🤖 AI Summary
This study addresses the longstanding absence of structured corpora for improvised poetry in the Logudorese variety of Sardinian, a gap that has hindered both computational linguistic analysis and the preservation of oral traditions. The authors present A Bolu, the first structured corpus of this poetic form, comprising 2,835 stanzas and 141,321 tokens. Through descriptive statistics and computational linguistic methods, they conduct a multidimensional textual analysis and provide the first empirical evidence of significant formulaic repetition patterns in this oral poetry.
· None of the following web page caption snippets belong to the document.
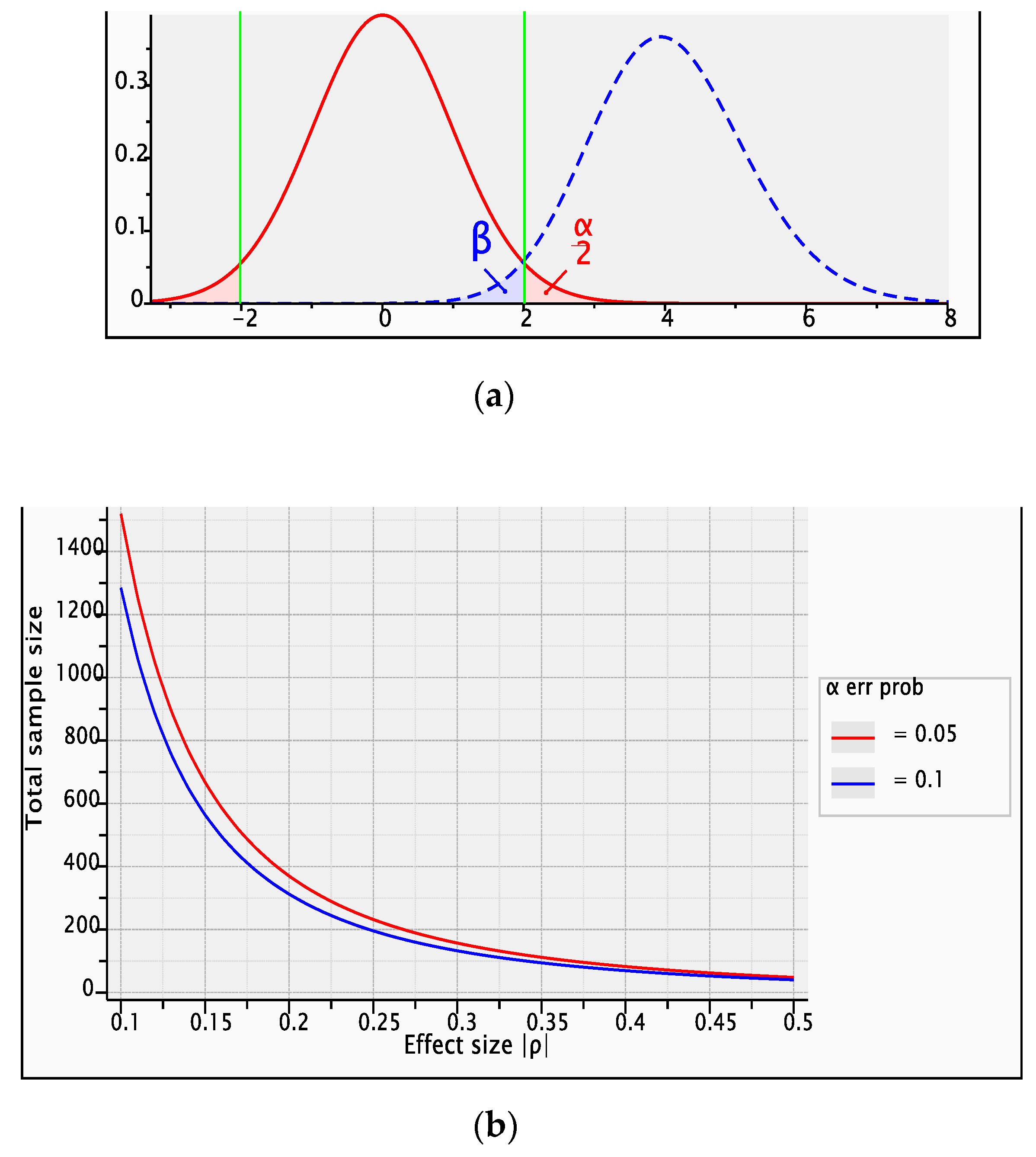 Medicina 58 00674 g003 550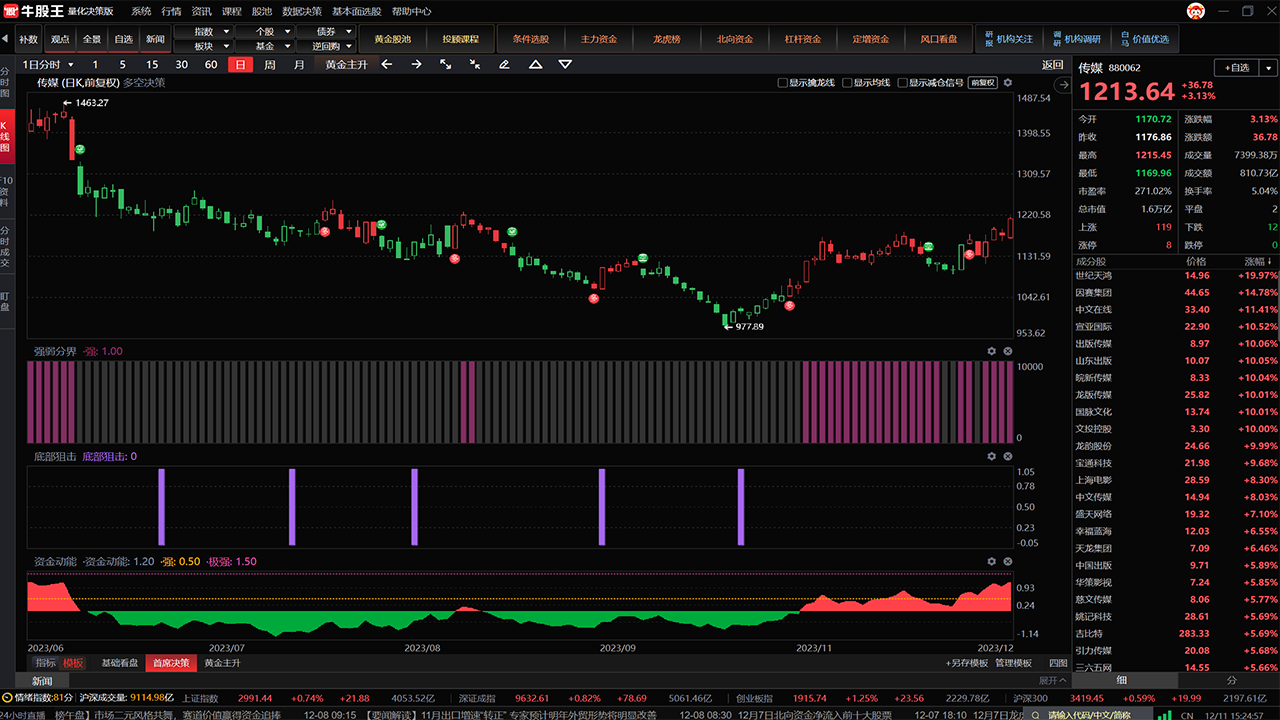 图片[3]-牛股王量化决策软件PC版 3.7.92.0-外行下载站
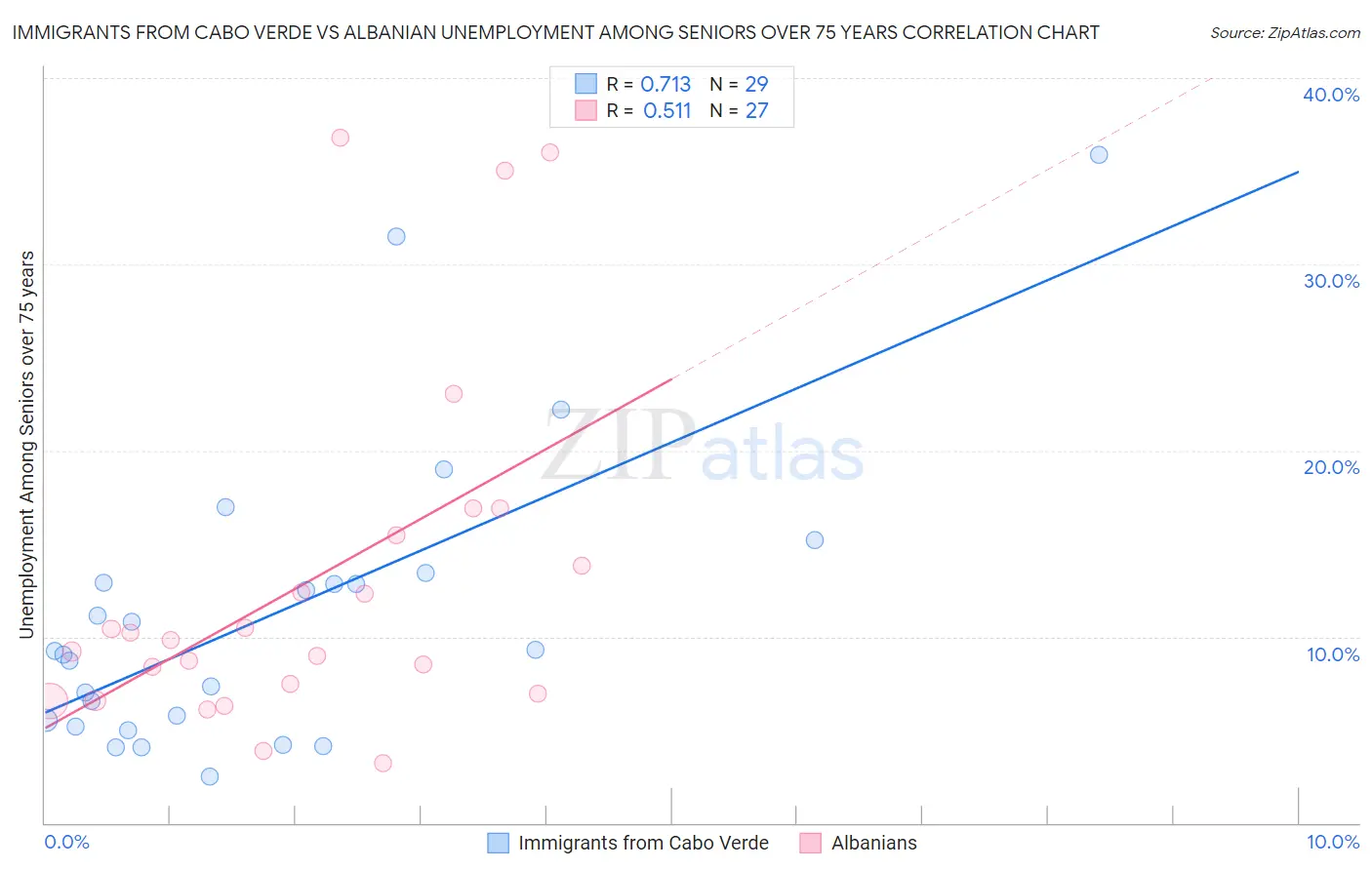 Immigrants from Cabo Verde vs Albanian Unemployment Among Seniors over 75 years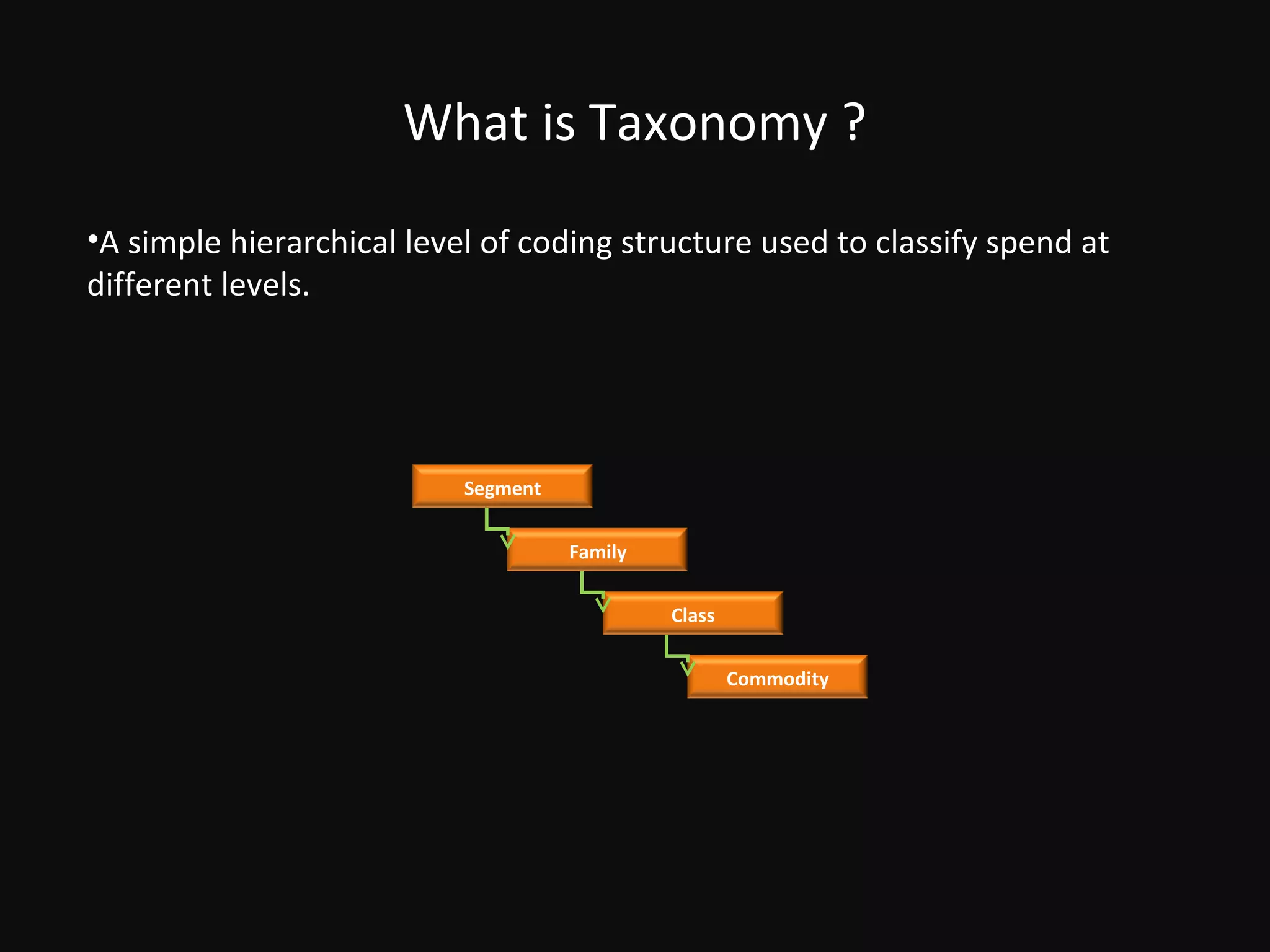 What is Taxonomy ?
•A simple hierarchical level of coding structure used to classify spend at
different levels.




                           Segment


                                     Family


                                              Class


                                                      Commodity
 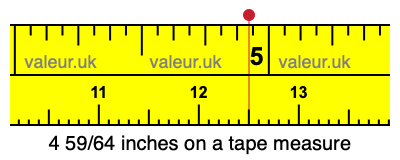 4 59/64 inches on a tape measure 4 59/64 inches on a tape measure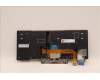 Lenovo 5N20V43634 NB_KYB CMSK-CS20,SV-BL,LTN,POR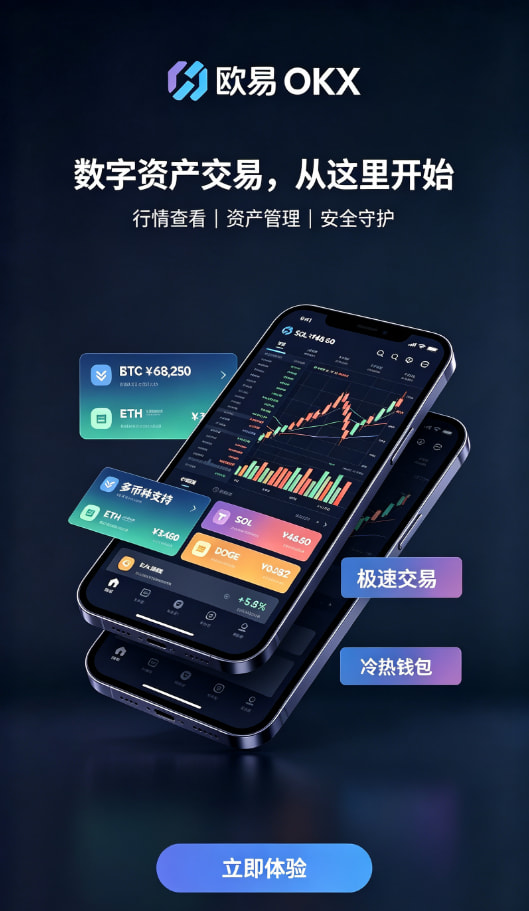欧交易所app最新版新手指南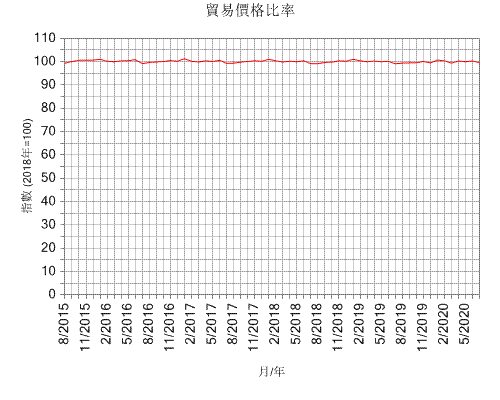 貿易價格比率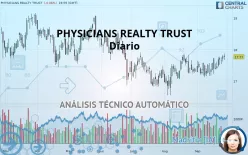 HEALTHPEAK PROPERTIES INC. - Diario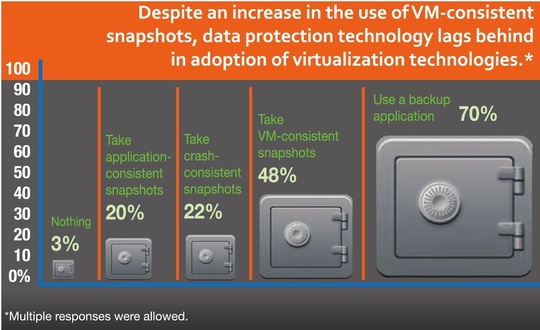 nimble_storage_survey_virtualizing_540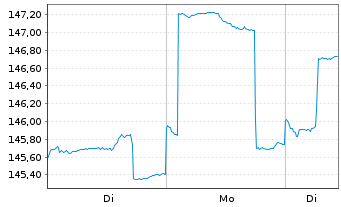 Chart DWS Global Emerging Markets Eq Inhaber-Anteile ND - 1 Woche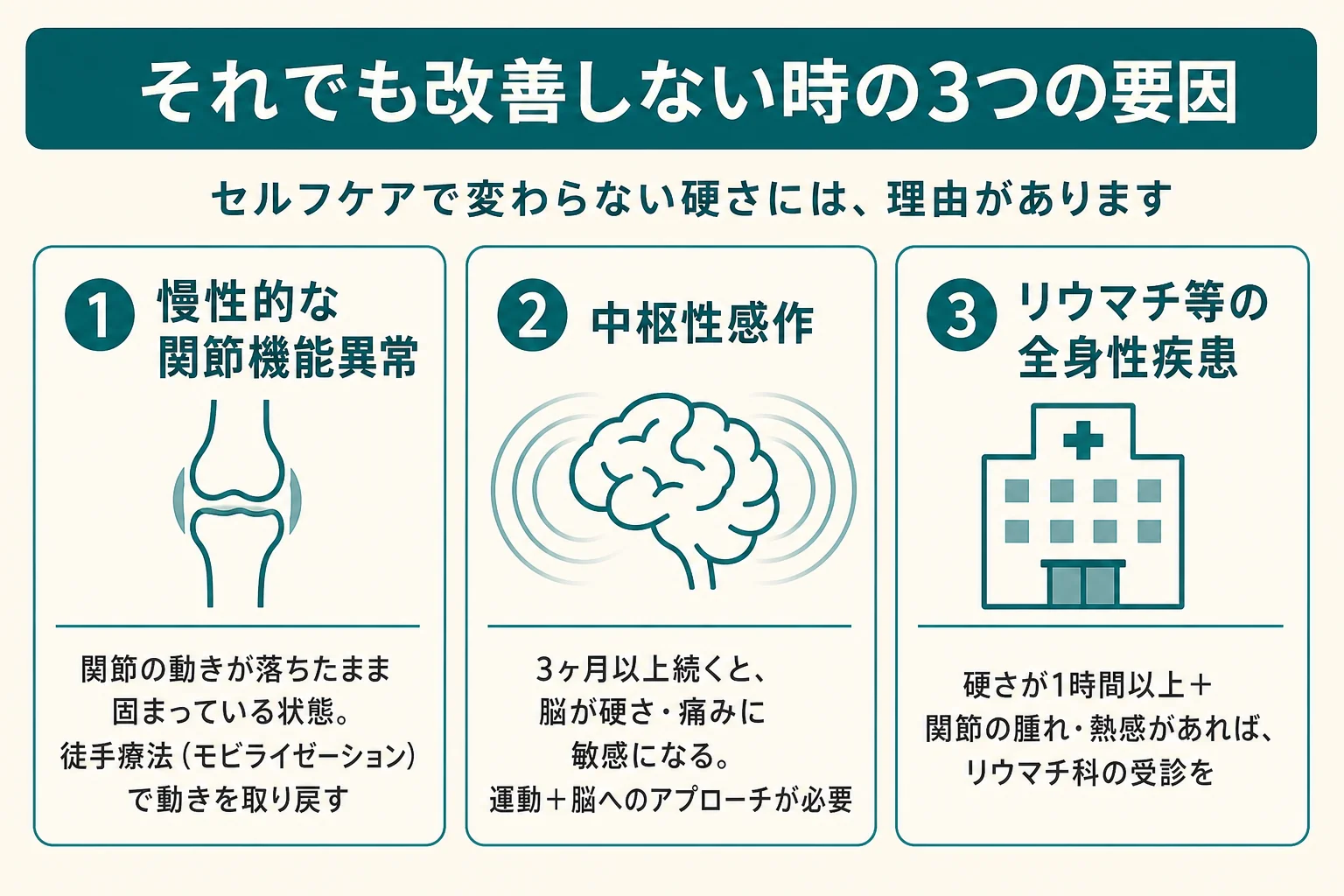 改善しない時の3つの要因:慢性的な関節機能異常・中枢性感作・リウマチ等の全身性疾患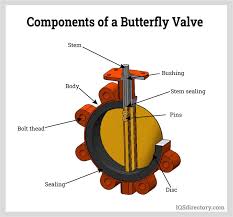 Butterfly Valves: Uses, Types, Working, Advantages, - buttery valve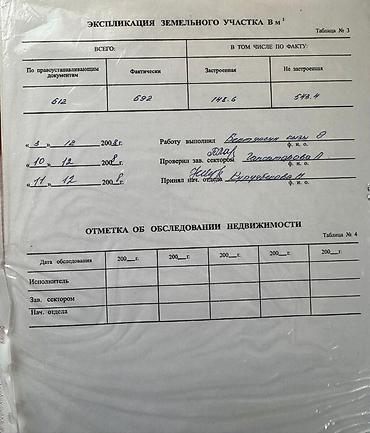Продажа участков: 6 соток, Для строительства, Красная книга, Тех паспорт, Договор купли-продажи — 3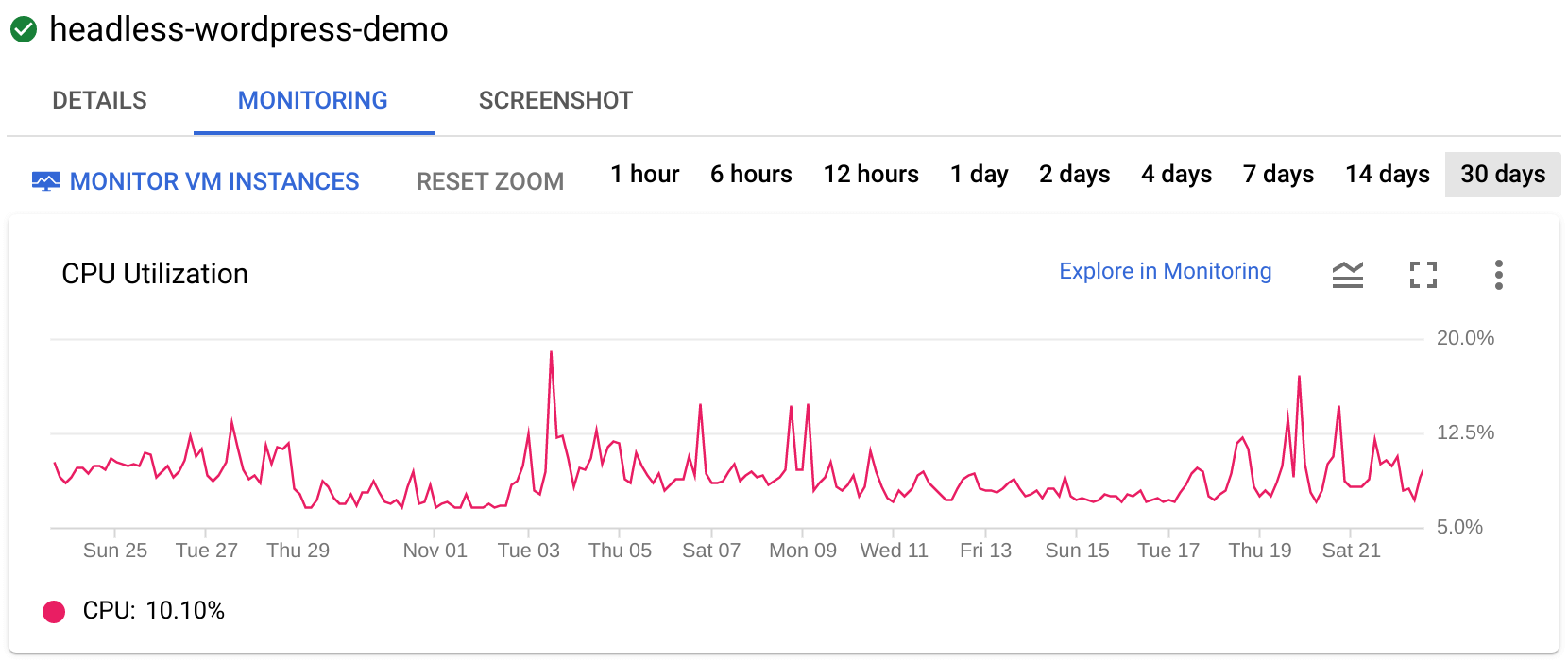 gráfico de uso da cpu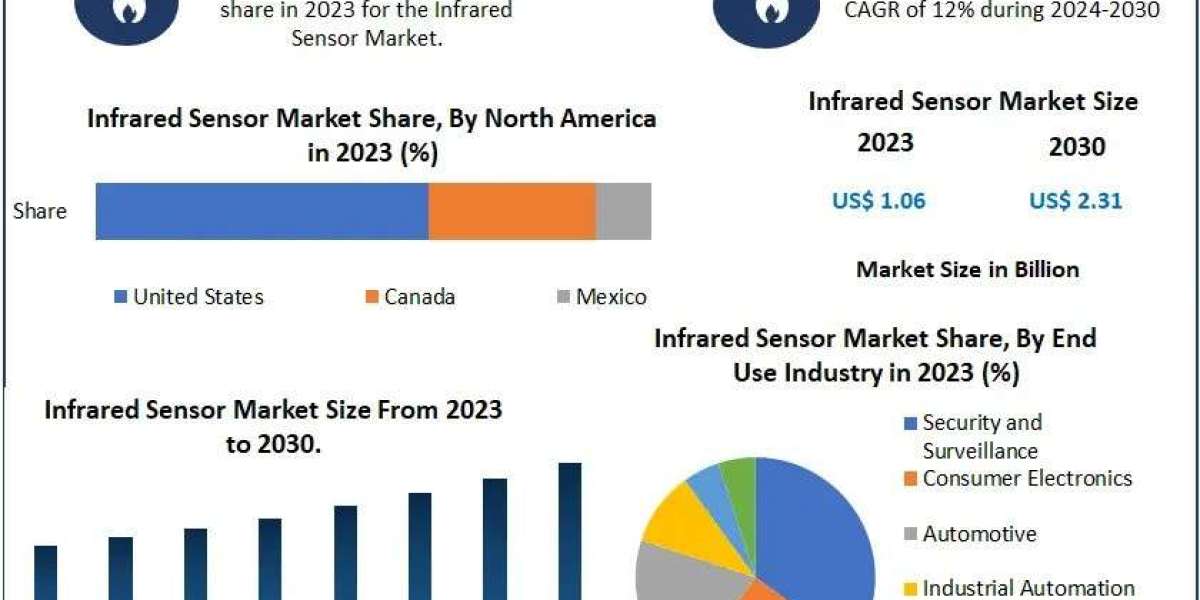 Infrared Sensors Market Future Growth, Trends, Development Status and Forecast 2030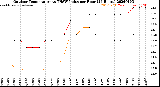 Milwaukee Weather Outdoor Temperature<br>vs THSW Index<br>per Hour<br>(24 Hours)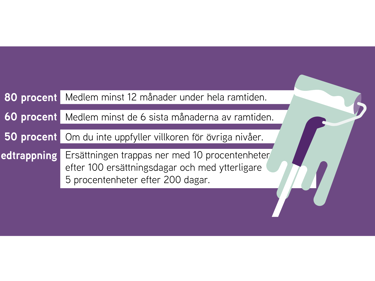 Illustration som beskriver vilken ersättningsnivå man kan få beroende på vilka villkor man uppfyller.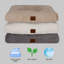 Jungolica Orthopedic Pet Bed-101111134-101111136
These findings offer robust support for the Parry-Lord theory of oral-formulaic composition while advancing inclusive development of NLP resources for minority languages and opening new avenues for understanding oral creativity.
📝 Abstract
The growing interest of Natural Language Processing (NLP) in minority languages has not yet bridged the gap in the preservation of oral linguistic heritage. In particular, extemporaneous poetry - a performative genre based on real-time improvisation, metrical-rhetorical competence - remains a largely unexplored area of computational linguistics. This methodological gap necessitates the creation of specific resources to document and analyse the structures of improvised poetry. This is the context in which A Bolu was created, the first structured corpus of extemporaneous poetry dedicated to cantada logudorese, a variant of the Sardinian language. The dataset comprises 2,835 stanzas for a total of 141,321 tokens. The study presents the architecture of the corpus and applies a multidimensional analysis combining descriptive statistical indices and computational linguistics techniques to map the characteristics of the poetic text. The results indicate that the production of Sardinian extemporaneous poets is characterised by recurring patterns that support Parry and Lord's theory of formulaicity. This evidence not only provides a new key to understanding oral creativity, but also offers a significant contribution to the development of NLP tools that are more inclusive and sensitive to the specificities of less widely spoken languages.